While testing Camunda 8 self-managed, I encountered a strange scenario:
- I created a java application that can start some simple processes and run external tasks. It also has a functionality to start a batch of 100 processes at once to simulate larger loads.
The process can be found below:
The steps log a simple string, then store in a local database the action and continue execution. - When starting a single process, everything works fine and it is completed.
- When starting a batch of processes (tested and reproduced with 10, 100 and 1000), some of them work for a while, then everything breaks and nothing continues execution. In this case, the following error is seen:
RESOURCE_EXHAUSTED: Expected to execute the command on one of the partitions, but all failed; there are no more partitions available to retry. Please try again. If the error persists contact your zeebe operator
Also, some processes seem to be lost and inside the logs there’s a warning:
Ignoring the the error of type 'NOT_FOUND' during {command=class io.camunda.zeebe.client.impl.command.CompleteJobCommandImpl, job={"key":2251799813687745,"type":"log1","customHeaders":{},"processInstanceKey":2251799813687728,"bpmnProcessId":"test_process","processDefinitionVersion":1,"processDefinitionKey":2251799813685250,"elementId":"Activity_0bc6ur9","elementInstanceKey":2251799813687739,"worker":"log1Worker#log1","retries":3,"deadline":1657021289204,"variables":"{\"seed\":100}","variablesAsMap":{"seed":100}}, currentRetryDelay=50}. Job might have been canceled or already completed.

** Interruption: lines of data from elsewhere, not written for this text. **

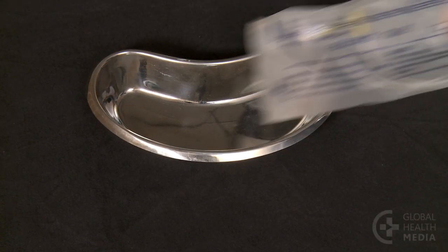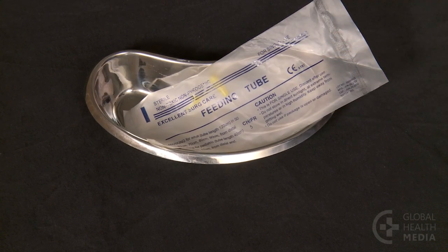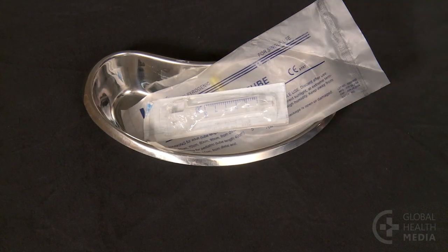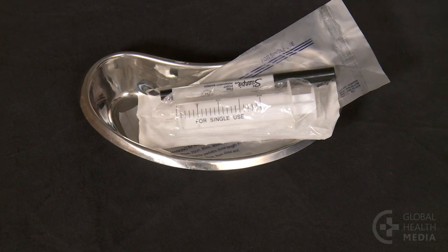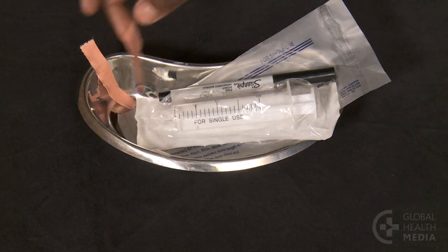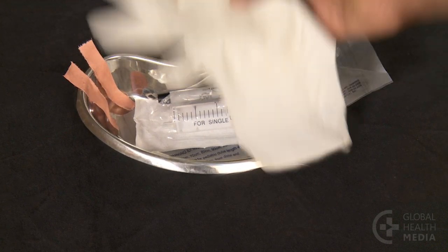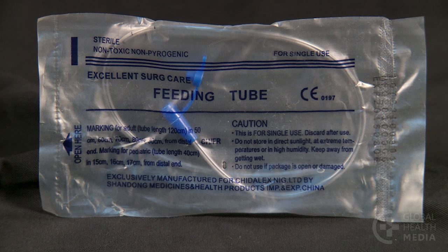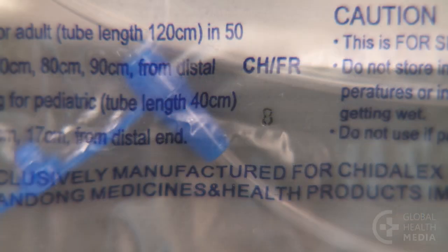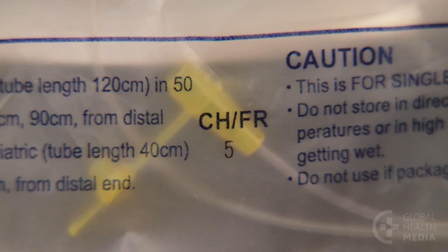To start, gather the gastric tube, a 5 ml syringe, a feeding syringe, a marker, and tape. Gloves are optional. An 8 French gastric tube is a good size for a normal newborn, and a 5 French is best for a small baby.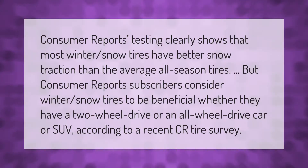Consumer Reports testing clearly shows that most winter snow tires have better snow traction than the average all-season tires. Consumer Reports subscribers consider winter snow tires to be beneficial whether they have a two-wheel drive or an all-wheel drive car or SUV, according to a recent CR tire survey.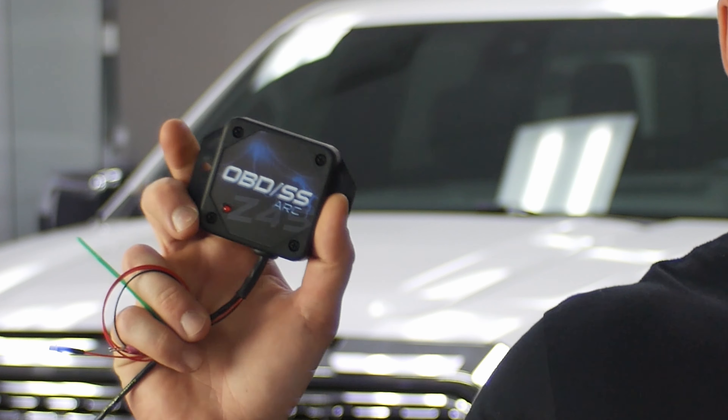Hey guys, it's Will from Exnerian and today I'm going to show you how to bypass the adaptive ride control on your 2019 to 22.5 GM 1500 truck using our Uber DSS ARC.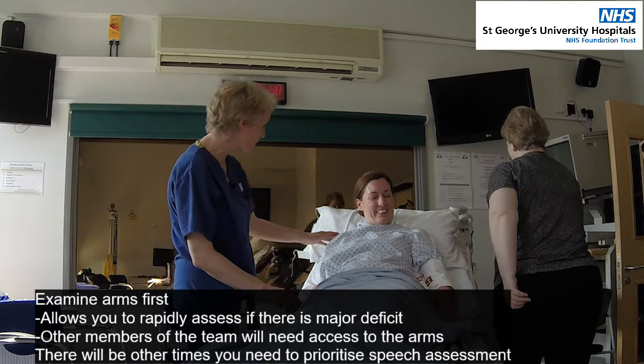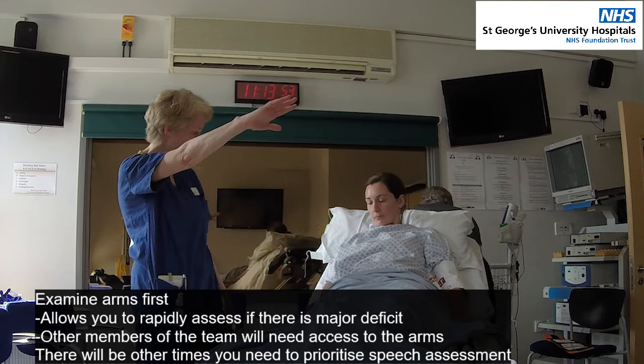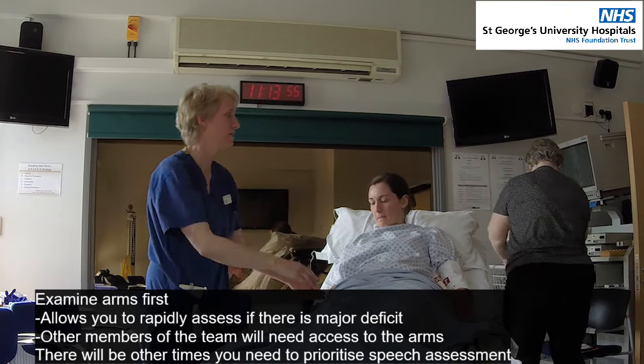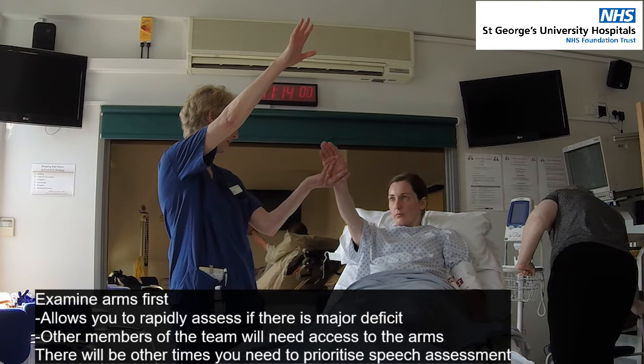Okay, and then can I just have this arm as well — can we lift this up in the air? Can you try and lift it up for me? Okay, so if I help you with that, and we lift it up for a count of ten, you'll just see if you can keep it up in the air.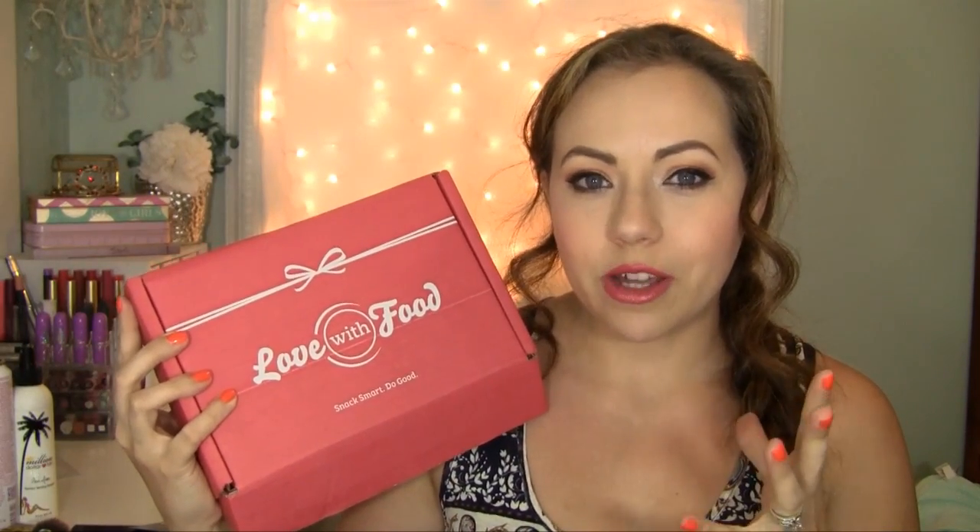It's a $10 a month subscription to deliver healthy, organic and natural snacks to your doorstep. What's really nice about it is for each box you purchase, a meal goes to a hungry child in need. So it's a win-win. I've discovered some really amazing, awesome snacks that I would never have known about before, thanks to Love of Food. And I always get really excited to get this box on my doorstep and open it and see what's inside. So let's do it!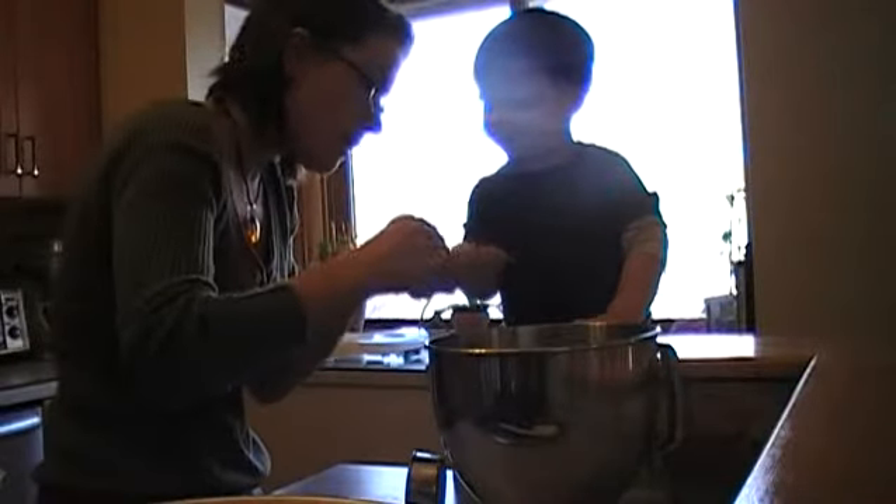Now we're going to need one teaspoon. We need one teaspoon of brown cinnamon. I'll tell you what, let's do this. Mama holds this. Ready? I think that's two, let's do one.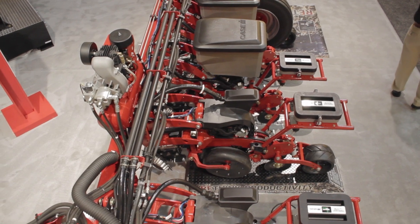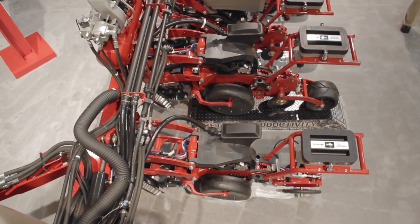The smaller front-fold machines are available on 30-inch row spacing. The larger 32- and 36-row machines are available on 20-inch, 22-inch, and 30-inch row spacings.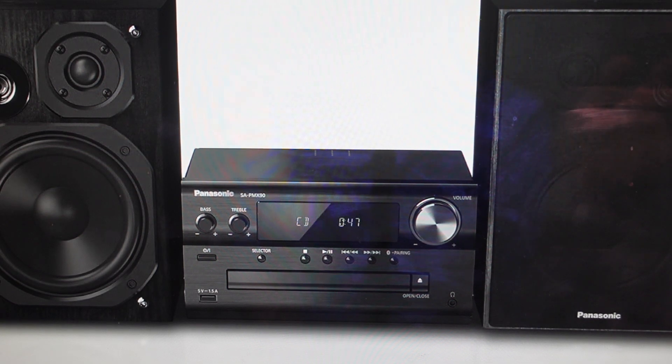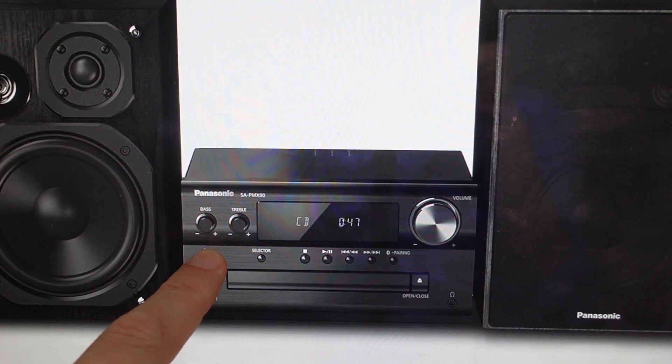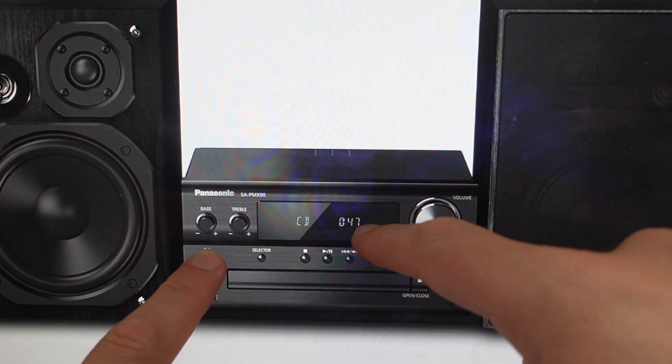All we need to do is unplug this from the wall and leave it unplugged for at least three minutes. After those at least three minutes are up, we're just going to come over here and find the power button and press and hold the power button. While we're pressing and holding the power button, we can go ahead and plug the stereo back in. Just keep on holding this power button and keep an eye on this display, and after a certain amount of time, you should see a bunch of dashes come across the display.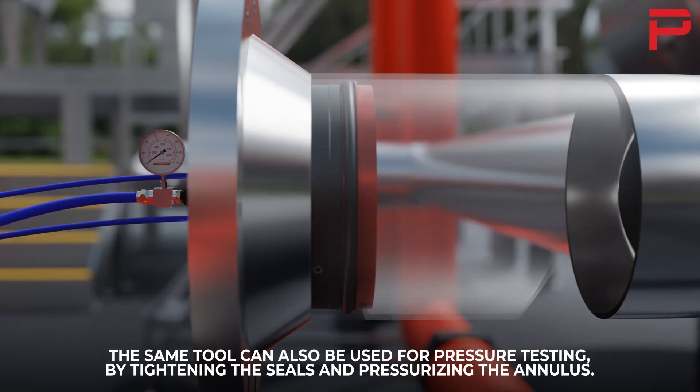The same tool can also be used for pressure testing, by tightening the seals and pressurizing the annulus.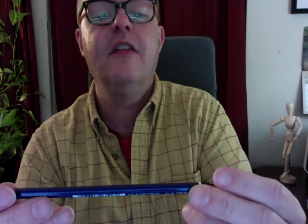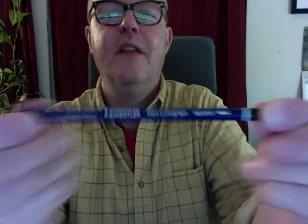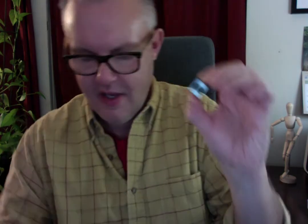Then there is this pencil — 4B — and it is a typical drawing pencil. Again, quality. Staedtler. Love their stuff. I know that this is good, very sturdy. And this is a pencil sharpener — it's metal, so it's going to be very strong and great with the pencil.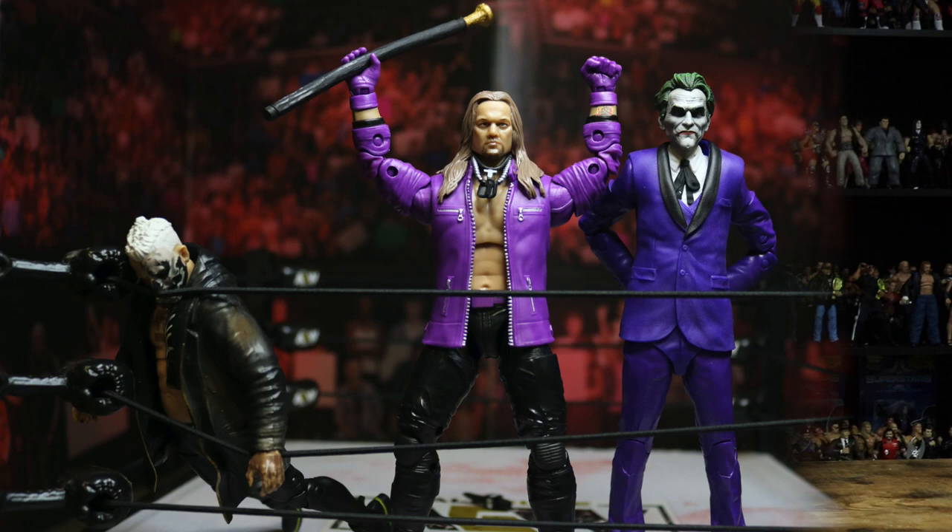Overall, the attire on this Chris Jericho Walmart exclusive is great. Obviously the head sculpt could be much better, but the attire, the presentation, and the exclusivity of this action figure makes it a must-have if you're an AEW or Chris Jericho fan. Definitely don't miss out on your chance to get this figure, seeing how it is a Walmart exclusive and it will not be available forever.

- The docker-compose.yaml file I use is the default one, but with some changes: (added kibana and set to always use latest versions)
# While the Docker images themselves are supported for production usage,
# this docker-compose.yaml is designed to be used by developers to run
# an environment locally. It is not designed to be used in production.
# We recommend to use Kubernetes in production with our Helm Charts:
# https://docs.camunda.io/docs/self-managed/platform-deployment/kubernetes-helm/
# For local development, we recommend using KIND instead of `docker-compose`:
# https://docs.camunda.io/docs/self-managed/platform-deployment/kubernetes-helm/#installing-the-camunda-helm-chart-locally-using-kind
# This is a lightweight configuration with Zeebe, Operate, Tasklist, and Elasticsearch
# See docker-compose.yml for a configuration that also includes Optimize, Identity, and Keycloak.
services:
zeebe: # https://docs.camunda.io/docs/self-managed/platform-deployment/docker/#zeebe
image: camunda/zeebe:latest
container_name: zeebe
ports:
- "26500:26500"
- "9600:9600"
environment: # https://docs.camunda.io/docs/self-managed/zeebe-deployment/configuration/environment-variables/
- ZEEBE_BROKER_EXPORTERS_ELASTICSEARCH_CLASSNAME=io.camunda.zeebe.exporter.ElasticsearchExporter
- ZEEBE_BROKER_EXPORTERS_ELASTICSEARCH_ARGS_URL=http://elasticsearch:9200
- ZEEBE_BROKER_EXPORTERS_ELASTICSEARCH_ARGS_BULK_SIZE=1
# allow running with low disk space
- ZEEBE_BROKER_DATA_DISKUSAGECOMMANDWATERMARK=0.998
- ZEEBE_BROKER_DATA_DISKUSAGEREPLICATIONWATERMARK=0.999
- "JAVA_TOOL_OPTIONS=-Xms512m -Xmx512m"
restart: always
volumes:
- zeebe:/usr/local/zeebe/data
networks:
- camunda-platform
depends_on:
- elasticsearch
operate: # https://docs.camunda.io/docs/self-managed/platform-deployment/docker/#operate
image: camunda/operate:latest
container_name: operate
ports:
- "8082:8080"
environment: # https://docs.camunda.io/docs/self-managed/operate-deployment/configuration/
- CAMUNDA_OPERATE_ZEEBE_GATEWAYADDRESS=zeebe:26500
- CAMUNDA_OPERATE_ELASTICSEARCH_URL=http://elasticsearch:9200
- CAMUNDA_OPERATE_ZEEBEELASTICSEARCH_URL=http://elasticsearch:9200
networks:
- camunda-platform
depends_on:
- zeebe
- elasticsearch
tasklist: # https://docs.camunda.io/docs/self-managed/platform-deployment/docker/#tasklist
image: camunda/tasklist:latest
container_name: tasklist
ports:
- "8083:8080"
environment: # https://docs.camunda.io/docs/self-managed/tasklist-deployment/configuration/
- CAMUNDA_TASKLIST_ZEEBE_GATEWAYADDRESS=zeebe:26500
- CAMUNDA_TASKLIST_ELASTICSEARCH_URL=http://elasticsearch:9200
- CAMUNDA_TASKLIST_ZEEBEELASTICSEARCH_URL=http://elasticsearch:9200
networks:
- camunda-platform
depends_on:
- zeebe
- elasticsearch
elasticsearch: # https://hub.docker.com/_/elasticsearch
image: docker.elastic.co/elasticsearch/elasticsearch:${ELASTIC_VERSION:-7.17.0}
container_name: elasticsearch
ports:
- "9200:9200"
- "9300:9300"
environment:
- bootstrap.memory_lock=true
- discovery.type=single-node
# allow running with low disk space
- cluster.routing.allocation.disk.threshold_enabled=false
- "ES_JAVA_OPTS=-Xms512m -Xmx512m"
ulimits:
memlock:
soft: -1
hard: -1
restart: always
healthcheck:
test: [ "CMD-SHELL", "curl -f http://localhost:9200/_cat/health | grep -q green" ]
interval: 30s
timeout: 5s
retries: 3
volumes:
- elastic:/usr/share/elasticsearch/data
networks:
- camunda-platform
kibana:
container_name: kibana
image: docker.elastic.co/kibana/kibana:7.11.0
environment:
- ELASTICSEARCH_HOSTS=http://elasticsearch:9200
networks:
- camunda-platform
depends_on:
- elasticsearch
ports:
- 5601:5601
volumes:
zeebe:
elastic:
networks:
camunda-platform:
I also performed similar tests on version 7, and everything seemed fine for 1000+ processes started at once.